**Work task**
Render every line of the data exactly as written, and leave out the pictures.

Caption-style text data

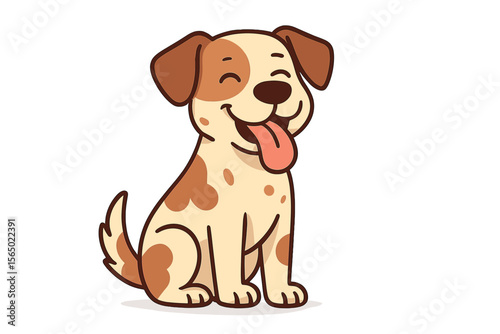 Happy cartoon dog with tongue out vector illustration - cute animal design for kids and pet lovers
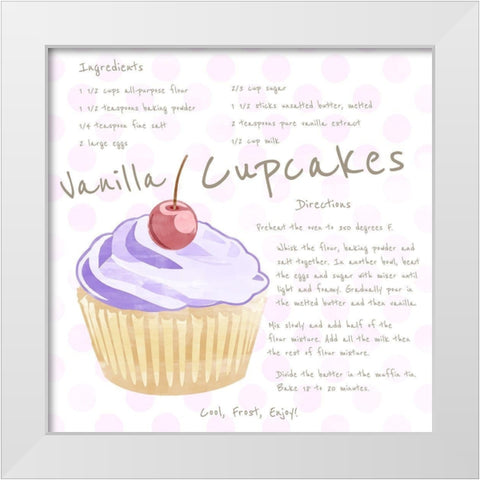 Vanilla Cupcake White Modern Wood Framed Art Print by Santiago, Daniela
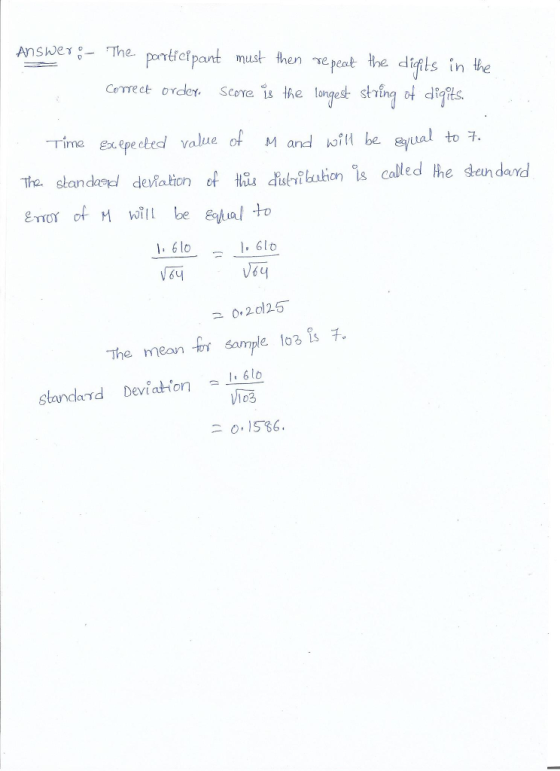 Cemect order Steve is the ge rima eepectedl value of M and ill be ual to Tr skanded delalion of Hus fisk-ribbon is cabled he dan dand emor of M btial to . 6 lo 0.20125 The mean -Fr sample tos is 7 standard Deviation-6lo Vio3 O, 1586 .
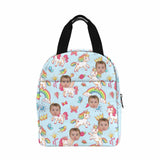 Personalized Lunch Box Custom Face Rainbow White Horse Lunch Bag School Bag Backbag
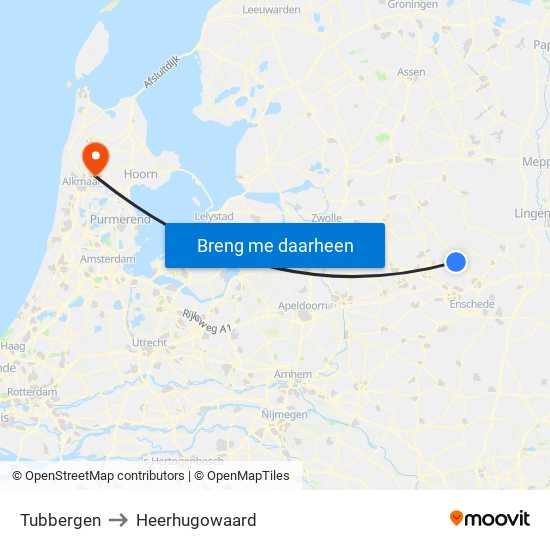 Tubbergen to Heerhugowaard map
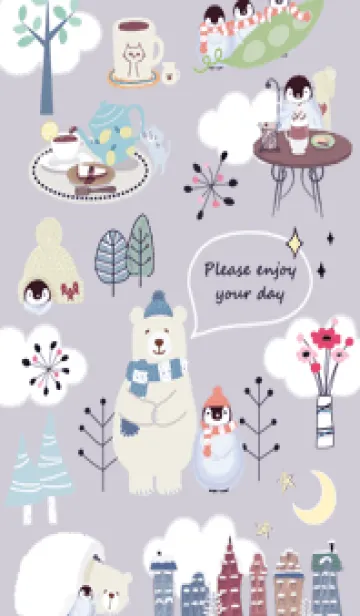 [LINE着せ替え] violet♡北欧シロクマ04_1の画像1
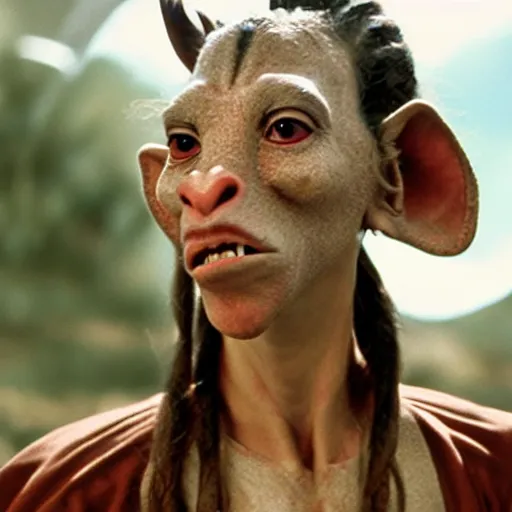 Image similar to film still of jar jar binks as a female cowgirl, long eyeslashes, big juicy lips, big seductive eyes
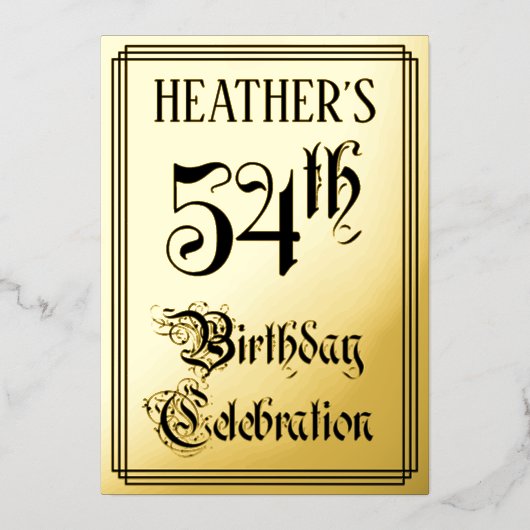 54. Geburtstagsparty — Elegantes Script + Individu Folieneinladung (Vorderseite)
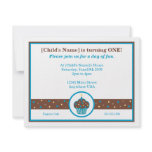 Chocolate Brown and Blue Cupcake Themed Invitation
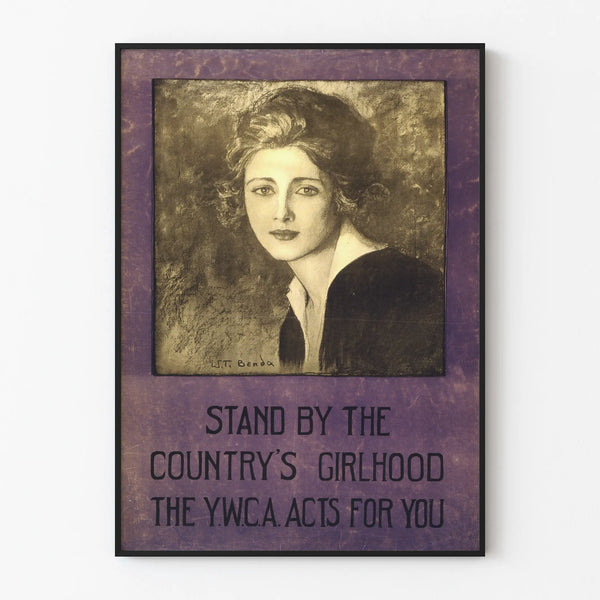 Vintage poster of a young girl and message Y.W.C.A.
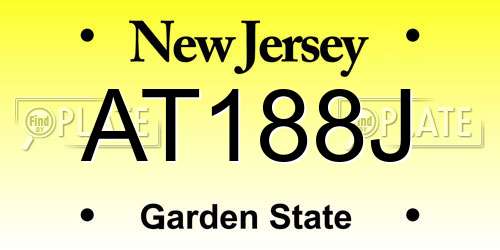 AT188J New Jersey License Plate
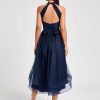 Semi-formal & Cocktail | A-line Halter One Shoulder V-Neck Asymmetrical Tulle Cocktail Dress As Picture – Womens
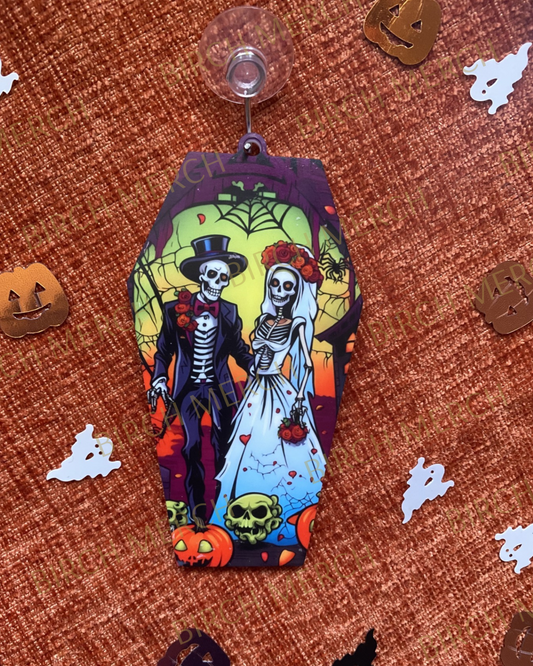 Halloween Coffin Shaped Single Sided Decoration 10.5cm x 5.5cm Design 1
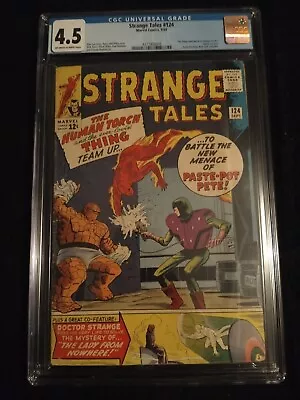 Buy STRANGE TALES #124 CGC 4.5 Off-White/White Thing And Human Torch Begin Team-up! • 94.87£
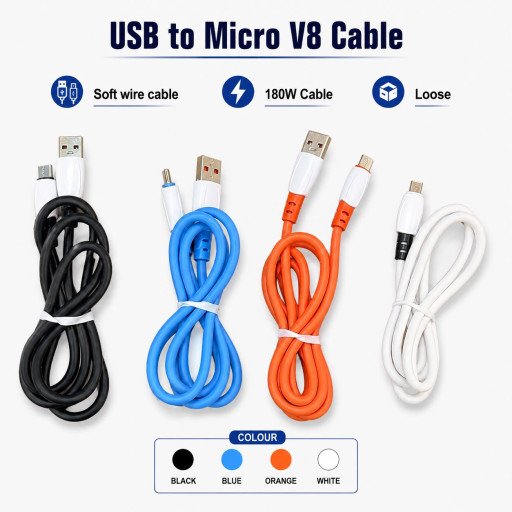 Usb To 180W Soft Wire Micro V8 Cable(Loose)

**Result of this task**
 Happy cartoon dog with tongue out vector illustration - cute animal design for kids and pet lovers
 Vanilla Cupcake White Modern Wood Framed Art Print by Santiago, Daniela
 Cemect order Steve is the ge rima eepectedl value of M and ill be ual to Tr skanded delalion of Hus fisk-ribbon is cabled he dan dand emor of M btial to . 6 lo 0.20125 The mean -Fr sample tos is 7 standard Deviation-6lo Vio3 O, 1586 .
 Personalized Lunch Box Custom Face Rainbow White Horse Lunch Bag School Bag Backbag
 Tubbergen to Heerhugowaard map
 [LINE着せ替え] violet♡北欧シロクマ04_1の画像1
 Image similar to film still of jar jar binks as a female cowgirl, long eyeslashes, big juicy lips, big seductive eyes
 54. Geburtstagsparty — Elegantes Script + Individu Folieneinladung (Vorderseite)
 Chocolate Brown and Blue Cupcake Themed Invitation
 Vintage poster of a young girl and message Y.W.C.A.
 AT188J New Jersey License Plate
 Semi-formal & Cocktail | A-line Halter One Shoulder V-Neck Asymmetrical Tulle Cocktail Dress As Picture – Womens
 Halloween Coffin Shaped Single Sided Decoration 10.5cm x 5.5cm Design 1
 Buy STRANGE TALES #124 CGC 4.5 Off-White/White Thing And Human Torch Begin Team-up! • 94.87£
 Usb To 180W Soft Wire Micro V8 Cable(Loose)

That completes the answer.